I can't remove whitespaces from a string parsed by Nokogiri

Question 1

strip only removes ASCII whitespace and the character you've got here is a Unicode non-breaking space.

Removing the character is easy. You can use gsub by providing a regex with the character code:

gsub(/\u00a0/, '')

You could also call

gsub(/[[:space:]]/, '')

to remove all Unicode whitespace. For details, check the Regexp documentation.

Question 2

If I wanted to remove non-breaking spaces "\u00A0" AKA   I'd do something like:

require 'nokogiri'

doc = Nokogiri::HTML("&nbsp;")

s = doc.text # => " "

# s is the NBSP
s.ord.to_s(16)                   # => "a0"

# and here's the translate changing the NBSP to a SPACE
s.tr("\u00A0", ' ').ord.to_s(16) # => "20"
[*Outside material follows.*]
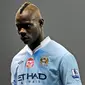 2. Mario Balotelli – Mantan Pemain Manchester City ini merupakan salah satu pemain yang paling sering diperbincangkan netizen. Salah satu yang paling viral adalah meme Aksi selebrasi bertelanjang dada dan memamerkan tubuh. (AFP/Paul Ellis)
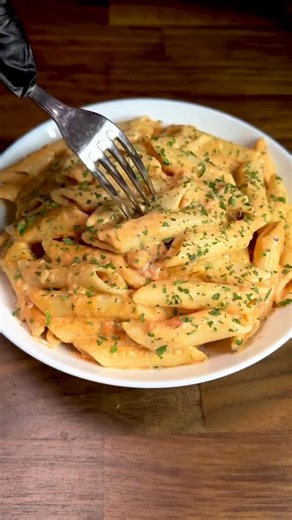 Kanwal Khan on Instagram: "Easy & quick food recipes! #asmr #food #reelsviralvideo #easyrecipes #dinner [easy and quick recipe, food, asmr, viral, for you]"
So tr("\u00A0", ' ') gets you where you want to be and at this point, the NBSP is now a space:

tr is extremely fast and easy to use.

An alternate is to pre-process the actual encoded character " " before it's been extracted from the HTML. This is simplified but it'd work for an entire HTML file just as well as a single entity in the string:

s = "&nbsp;"

s.gsub('&nbsp;', ' ') # => " "

Using a fixed string for the target is faster than using a regular expression:

s = "&nbsp;" * 10000

require 'fruity'

compare do
  fixed { s.gsub('&nbsp;', ' ') }
  regex { s.gsub(/&nbsp;/, ' ') }
 end

# >> Running each test 4 times. Test will take about 1 second.
# >> fixed is faster than regex by 2x ± 0.1

Regular expressions are useful if you need their capability, but they can drastically slow code.